A New Branching Strategy for MODX Revolution

This week we have modified the branching strategy that we have been using when maintaining the MODX Revolution repository at Github.

By YJ Tso  |  Updated: April 27, 2016  |  2 min read
A New Branching Strategy for MODX Revolution

This week we have modified the branching strategy that we have been using when maintaining the MODX Revolution repository at Github. The long familiar master and develop branch are gone, and in their place we have major and minor version branches that serve the same purposes for each major and the current stable minor releases of MODX Revolution. Since the current stable minor release of version 2 is 2.4.0, that means we have a 2.x (default) branch and a 2.4.x branch which replace—in terms of where to target Pull Requests—develop and master respectively for version 2. In the coming days, a 3.x development branch will appear as well.

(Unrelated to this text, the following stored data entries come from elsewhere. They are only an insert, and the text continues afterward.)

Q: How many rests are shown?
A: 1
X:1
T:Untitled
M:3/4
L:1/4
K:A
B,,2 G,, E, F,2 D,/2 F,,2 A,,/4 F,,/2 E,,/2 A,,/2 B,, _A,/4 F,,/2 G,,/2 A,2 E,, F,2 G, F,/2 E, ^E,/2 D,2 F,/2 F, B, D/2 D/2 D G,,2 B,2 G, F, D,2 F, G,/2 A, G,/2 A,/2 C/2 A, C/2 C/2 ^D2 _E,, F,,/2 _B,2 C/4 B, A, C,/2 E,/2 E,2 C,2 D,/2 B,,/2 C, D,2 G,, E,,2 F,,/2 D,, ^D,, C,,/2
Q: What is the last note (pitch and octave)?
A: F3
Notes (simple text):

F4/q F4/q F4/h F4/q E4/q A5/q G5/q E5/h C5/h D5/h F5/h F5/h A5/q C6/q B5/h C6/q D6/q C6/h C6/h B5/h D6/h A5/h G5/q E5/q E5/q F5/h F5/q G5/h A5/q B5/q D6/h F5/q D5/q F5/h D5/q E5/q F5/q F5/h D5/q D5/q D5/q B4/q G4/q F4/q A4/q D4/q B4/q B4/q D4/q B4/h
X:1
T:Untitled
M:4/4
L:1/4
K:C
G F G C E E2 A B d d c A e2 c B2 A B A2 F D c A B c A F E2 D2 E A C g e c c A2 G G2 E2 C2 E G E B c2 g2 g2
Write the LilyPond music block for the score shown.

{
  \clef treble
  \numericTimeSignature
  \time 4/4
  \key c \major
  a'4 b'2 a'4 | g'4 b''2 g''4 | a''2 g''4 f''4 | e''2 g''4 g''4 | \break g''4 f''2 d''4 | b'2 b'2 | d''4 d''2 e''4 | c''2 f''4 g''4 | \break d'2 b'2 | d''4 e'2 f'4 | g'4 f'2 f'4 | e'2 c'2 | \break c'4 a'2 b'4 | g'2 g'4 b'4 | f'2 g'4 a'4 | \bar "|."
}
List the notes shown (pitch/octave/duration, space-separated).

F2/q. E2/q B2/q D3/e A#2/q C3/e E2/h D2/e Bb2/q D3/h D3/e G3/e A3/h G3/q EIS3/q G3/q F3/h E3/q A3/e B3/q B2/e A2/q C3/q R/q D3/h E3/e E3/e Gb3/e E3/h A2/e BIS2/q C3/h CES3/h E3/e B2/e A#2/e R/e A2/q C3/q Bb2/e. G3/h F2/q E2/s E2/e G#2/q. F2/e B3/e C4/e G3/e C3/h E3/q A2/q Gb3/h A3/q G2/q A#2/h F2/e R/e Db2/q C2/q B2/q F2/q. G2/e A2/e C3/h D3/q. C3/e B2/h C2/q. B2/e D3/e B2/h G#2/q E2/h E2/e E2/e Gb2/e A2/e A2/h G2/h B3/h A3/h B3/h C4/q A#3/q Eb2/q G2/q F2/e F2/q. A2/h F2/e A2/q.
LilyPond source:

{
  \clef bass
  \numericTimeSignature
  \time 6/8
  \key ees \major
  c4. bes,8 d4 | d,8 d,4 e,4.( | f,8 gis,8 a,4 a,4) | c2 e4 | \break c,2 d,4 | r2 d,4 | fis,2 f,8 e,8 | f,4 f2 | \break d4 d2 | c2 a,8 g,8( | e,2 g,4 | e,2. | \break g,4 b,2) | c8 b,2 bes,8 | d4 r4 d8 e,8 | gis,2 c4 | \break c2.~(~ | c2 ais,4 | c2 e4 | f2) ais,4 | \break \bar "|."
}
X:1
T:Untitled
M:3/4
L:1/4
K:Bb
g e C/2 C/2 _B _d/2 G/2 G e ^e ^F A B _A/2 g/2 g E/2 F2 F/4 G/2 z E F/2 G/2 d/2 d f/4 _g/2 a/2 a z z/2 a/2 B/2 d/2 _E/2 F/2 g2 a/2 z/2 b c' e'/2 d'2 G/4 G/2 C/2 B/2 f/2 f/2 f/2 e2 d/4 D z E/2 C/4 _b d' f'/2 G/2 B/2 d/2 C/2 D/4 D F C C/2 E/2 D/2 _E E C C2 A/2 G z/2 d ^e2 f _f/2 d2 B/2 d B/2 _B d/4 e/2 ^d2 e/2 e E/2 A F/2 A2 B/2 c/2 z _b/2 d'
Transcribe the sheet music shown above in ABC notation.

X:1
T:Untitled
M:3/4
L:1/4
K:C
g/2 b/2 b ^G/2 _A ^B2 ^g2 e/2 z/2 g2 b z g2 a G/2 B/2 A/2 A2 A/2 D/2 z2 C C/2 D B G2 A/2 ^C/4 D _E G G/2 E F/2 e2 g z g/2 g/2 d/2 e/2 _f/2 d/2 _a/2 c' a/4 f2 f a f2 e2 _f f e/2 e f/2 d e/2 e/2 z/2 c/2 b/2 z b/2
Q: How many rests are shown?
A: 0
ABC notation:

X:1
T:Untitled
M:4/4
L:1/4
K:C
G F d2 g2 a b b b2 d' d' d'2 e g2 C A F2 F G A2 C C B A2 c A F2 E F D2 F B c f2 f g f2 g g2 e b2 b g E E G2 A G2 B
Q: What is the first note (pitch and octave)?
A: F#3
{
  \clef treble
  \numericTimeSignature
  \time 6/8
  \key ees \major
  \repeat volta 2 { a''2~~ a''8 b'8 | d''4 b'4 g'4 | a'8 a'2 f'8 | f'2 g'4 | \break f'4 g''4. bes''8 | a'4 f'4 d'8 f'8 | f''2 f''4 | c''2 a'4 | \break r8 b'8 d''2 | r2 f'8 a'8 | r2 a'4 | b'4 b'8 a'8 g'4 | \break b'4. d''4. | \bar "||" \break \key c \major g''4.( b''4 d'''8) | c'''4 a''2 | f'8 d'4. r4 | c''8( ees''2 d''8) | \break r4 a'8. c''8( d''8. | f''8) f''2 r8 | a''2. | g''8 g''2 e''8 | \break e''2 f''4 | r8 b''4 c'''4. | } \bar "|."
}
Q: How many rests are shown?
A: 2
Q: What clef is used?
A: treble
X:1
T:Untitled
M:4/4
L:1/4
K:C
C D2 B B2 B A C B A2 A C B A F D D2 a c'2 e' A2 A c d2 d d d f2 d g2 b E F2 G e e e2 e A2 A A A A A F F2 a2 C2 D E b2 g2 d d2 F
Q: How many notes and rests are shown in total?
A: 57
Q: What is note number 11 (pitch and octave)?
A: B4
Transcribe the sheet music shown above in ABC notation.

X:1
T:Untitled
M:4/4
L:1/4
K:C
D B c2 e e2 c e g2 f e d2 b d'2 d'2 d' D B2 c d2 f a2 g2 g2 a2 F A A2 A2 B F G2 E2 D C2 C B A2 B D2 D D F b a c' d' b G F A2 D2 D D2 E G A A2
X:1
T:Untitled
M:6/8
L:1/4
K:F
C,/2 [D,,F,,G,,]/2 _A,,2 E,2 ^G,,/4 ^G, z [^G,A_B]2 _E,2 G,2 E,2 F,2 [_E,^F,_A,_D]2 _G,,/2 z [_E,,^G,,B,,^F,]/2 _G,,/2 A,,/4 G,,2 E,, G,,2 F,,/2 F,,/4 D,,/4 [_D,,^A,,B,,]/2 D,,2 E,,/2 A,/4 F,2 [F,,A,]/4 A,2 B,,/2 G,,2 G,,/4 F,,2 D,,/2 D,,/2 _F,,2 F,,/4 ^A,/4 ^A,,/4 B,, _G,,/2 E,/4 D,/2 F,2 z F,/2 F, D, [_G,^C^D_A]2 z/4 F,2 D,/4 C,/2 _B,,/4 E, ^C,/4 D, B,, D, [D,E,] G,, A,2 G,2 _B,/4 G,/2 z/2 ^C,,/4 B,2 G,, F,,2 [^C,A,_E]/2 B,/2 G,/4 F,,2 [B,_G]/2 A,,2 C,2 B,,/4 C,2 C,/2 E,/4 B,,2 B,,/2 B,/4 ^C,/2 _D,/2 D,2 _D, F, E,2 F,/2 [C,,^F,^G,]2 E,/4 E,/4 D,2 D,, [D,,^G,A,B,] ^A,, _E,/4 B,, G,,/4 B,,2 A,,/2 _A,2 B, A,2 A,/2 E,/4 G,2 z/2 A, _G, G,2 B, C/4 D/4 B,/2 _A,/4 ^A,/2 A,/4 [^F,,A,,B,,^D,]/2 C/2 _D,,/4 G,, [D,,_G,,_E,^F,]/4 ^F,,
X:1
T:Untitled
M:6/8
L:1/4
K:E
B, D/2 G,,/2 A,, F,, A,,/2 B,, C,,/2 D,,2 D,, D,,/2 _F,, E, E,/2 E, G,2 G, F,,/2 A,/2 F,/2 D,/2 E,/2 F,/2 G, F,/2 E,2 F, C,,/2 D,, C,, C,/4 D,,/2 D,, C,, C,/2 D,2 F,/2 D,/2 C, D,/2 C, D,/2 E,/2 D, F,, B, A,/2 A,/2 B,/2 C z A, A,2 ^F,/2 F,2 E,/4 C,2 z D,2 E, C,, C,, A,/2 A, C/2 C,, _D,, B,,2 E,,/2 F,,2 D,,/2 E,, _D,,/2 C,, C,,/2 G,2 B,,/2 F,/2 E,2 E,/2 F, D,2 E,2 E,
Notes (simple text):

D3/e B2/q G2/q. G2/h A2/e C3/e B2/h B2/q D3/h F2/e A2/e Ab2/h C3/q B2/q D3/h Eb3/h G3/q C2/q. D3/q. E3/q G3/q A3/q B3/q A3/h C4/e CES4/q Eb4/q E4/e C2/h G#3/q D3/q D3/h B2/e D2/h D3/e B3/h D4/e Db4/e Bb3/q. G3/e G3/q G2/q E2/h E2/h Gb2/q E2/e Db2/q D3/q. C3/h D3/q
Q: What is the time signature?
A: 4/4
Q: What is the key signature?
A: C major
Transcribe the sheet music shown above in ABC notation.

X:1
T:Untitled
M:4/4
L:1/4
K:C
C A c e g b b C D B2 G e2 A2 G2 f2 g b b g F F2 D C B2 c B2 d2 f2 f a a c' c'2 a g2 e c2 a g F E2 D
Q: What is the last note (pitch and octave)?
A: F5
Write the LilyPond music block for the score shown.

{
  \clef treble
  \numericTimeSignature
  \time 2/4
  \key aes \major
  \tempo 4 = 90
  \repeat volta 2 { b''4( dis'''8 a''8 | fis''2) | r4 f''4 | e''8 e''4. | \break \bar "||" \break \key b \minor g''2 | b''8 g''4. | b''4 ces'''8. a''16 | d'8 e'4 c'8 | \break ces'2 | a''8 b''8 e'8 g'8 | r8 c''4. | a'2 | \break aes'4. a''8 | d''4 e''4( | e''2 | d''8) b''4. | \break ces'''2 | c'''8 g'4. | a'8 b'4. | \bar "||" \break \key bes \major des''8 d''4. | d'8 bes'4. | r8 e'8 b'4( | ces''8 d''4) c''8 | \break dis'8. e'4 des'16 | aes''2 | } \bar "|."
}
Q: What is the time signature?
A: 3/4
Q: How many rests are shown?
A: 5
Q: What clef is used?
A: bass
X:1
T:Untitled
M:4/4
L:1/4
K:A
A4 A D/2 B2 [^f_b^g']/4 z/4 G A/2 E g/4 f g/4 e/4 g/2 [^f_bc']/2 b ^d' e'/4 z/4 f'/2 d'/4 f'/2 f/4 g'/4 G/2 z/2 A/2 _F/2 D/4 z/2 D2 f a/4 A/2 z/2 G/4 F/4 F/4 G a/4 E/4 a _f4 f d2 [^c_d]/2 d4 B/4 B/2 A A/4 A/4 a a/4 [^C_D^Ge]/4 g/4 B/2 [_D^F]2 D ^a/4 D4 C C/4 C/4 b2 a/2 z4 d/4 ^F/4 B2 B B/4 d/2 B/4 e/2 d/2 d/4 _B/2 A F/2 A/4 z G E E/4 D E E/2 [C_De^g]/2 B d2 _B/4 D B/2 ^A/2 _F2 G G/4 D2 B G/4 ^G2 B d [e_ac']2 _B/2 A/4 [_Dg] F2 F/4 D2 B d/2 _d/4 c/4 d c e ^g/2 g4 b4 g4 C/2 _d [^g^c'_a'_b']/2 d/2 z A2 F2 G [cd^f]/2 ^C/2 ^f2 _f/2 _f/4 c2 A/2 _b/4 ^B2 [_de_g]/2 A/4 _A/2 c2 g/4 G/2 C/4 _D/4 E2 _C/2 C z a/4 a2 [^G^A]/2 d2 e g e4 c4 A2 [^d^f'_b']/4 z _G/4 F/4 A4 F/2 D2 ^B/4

Following are some tips for keeping up with the changes.

If you have a clone of the official repository, you can quickly fetch and checkout the latest branches.

To checkout the latest changes targeted for the next minor release, including new features, bug fixes and translation updates:

$ git fetch origin
$ git checkout -b 2.x origin/2.x

To checkout just the latest bug fixes and translation updates for the current minor release, 2.4:

$ git fetch origin
$ git checkout -b 2.4.x origin/2.4.x

To cleanup your clone and remove the old remote tracking branches that have been deleted from the repository:

$ git remote prune origin

If you have a clone of an existing fork with the main repository added as a remote named upstream, you can quickly update your fork and your clone with the latest branches by executing the following commands.

To checkout the latest changes targeted for the next minor release, including new features, bug fixes and translation updates:

$ git fetch upstream
$ git checkout -b 2.x upstream/2.x

To checkout just the latest bug fixes and translation updates for the current minor release, 2.4:

$ git fetch upstream
$ git checkout -b 2.4.x upstream/2.4.x

To cleanup your clone and remove the old remote tracking branches that have been deleted from the upstream repository:

$ git remote prune upstream

Publish new branches and tags to your fork, a.k.a. origin with:

$ git push origin 2.x 2.4.x --tags

You can remove the old branches from your fork via GitHub or by using a command like:

$ git push origin :master :develop :release-2.2

NOTE: That would remove the old master, develop, and release-2.2 branches from your fork; you could remove all branches except 2.x, 2.4.x and any outstanding pull request branches.